■ TASK TO CARRY OUT: Below are the entries. Print only the lines starting at the one with "In front of" and ending at the one with "The next oil", exactly, with no pictures.

■ SOURCE DATA:

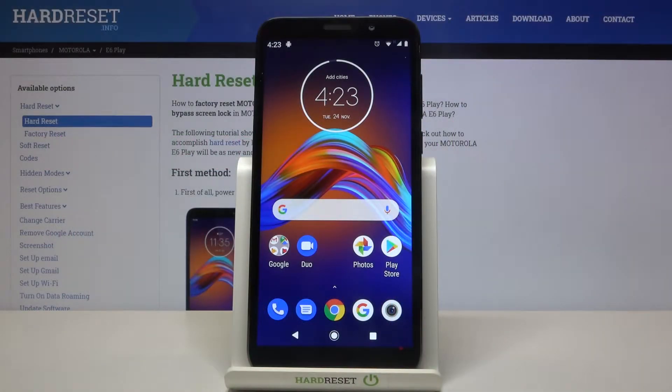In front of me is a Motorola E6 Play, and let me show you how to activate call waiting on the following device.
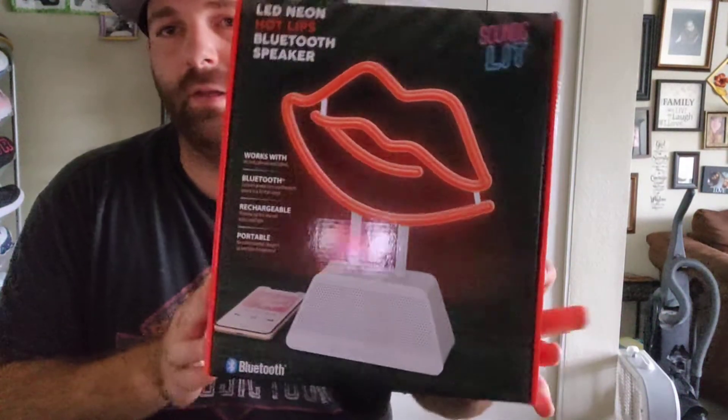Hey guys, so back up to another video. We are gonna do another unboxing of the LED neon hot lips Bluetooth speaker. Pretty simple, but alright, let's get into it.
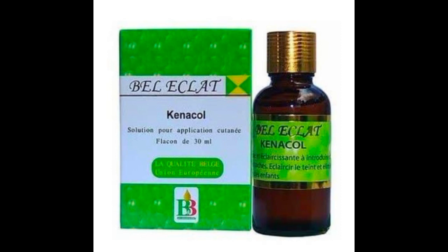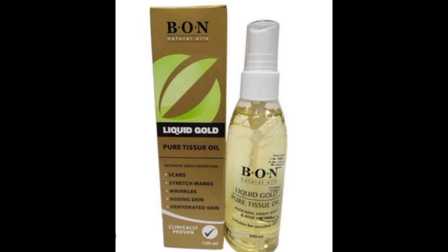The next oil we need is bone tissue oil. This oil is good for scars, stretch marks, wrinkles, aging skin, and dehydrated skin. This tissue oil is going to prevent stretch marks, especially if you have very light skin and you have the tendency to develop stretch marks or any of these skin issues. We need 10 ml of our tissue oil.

* * *

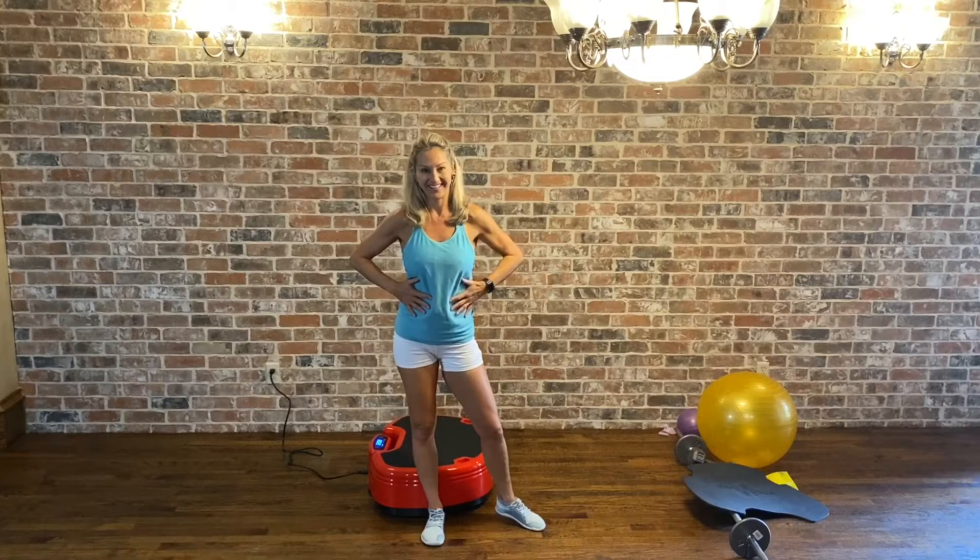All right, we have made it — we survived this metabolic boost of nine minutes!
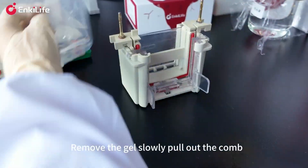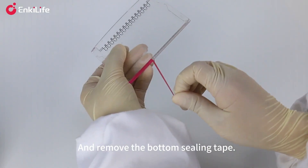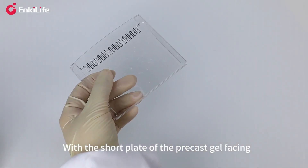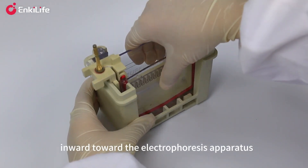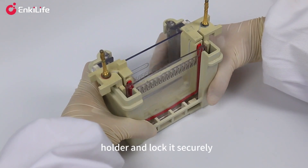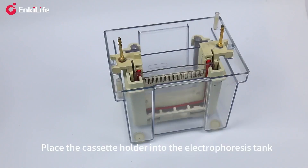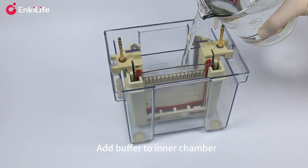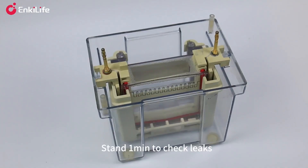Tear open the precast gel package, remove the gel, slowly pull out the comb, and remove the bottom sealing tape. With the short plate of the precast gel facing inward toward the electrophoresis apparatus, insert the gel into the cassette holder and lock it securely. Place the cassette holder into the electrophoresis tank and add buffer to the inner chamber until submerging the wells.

■ YOUR SOLUTION:
In front of me is a Motorola E6 Play, and let me show you how to activate call waiting on the following device.
Hey guys, so back up to another video. We are gonna do another unboxing of the LED neon hot lips Bluetooth speaker. Pretty simple, but alright, let's get into it.
The next oil we need is bone tissue oil. This oil is good for scars, stretch marks, wrinkles, aging skin, and dehydrated skin. This tissue oil is going to prevent stretch marks, especially if you have very light skin and you have the tendency to develop stretch marks or any of these skin issues. We need 10 ml of our tissue oil.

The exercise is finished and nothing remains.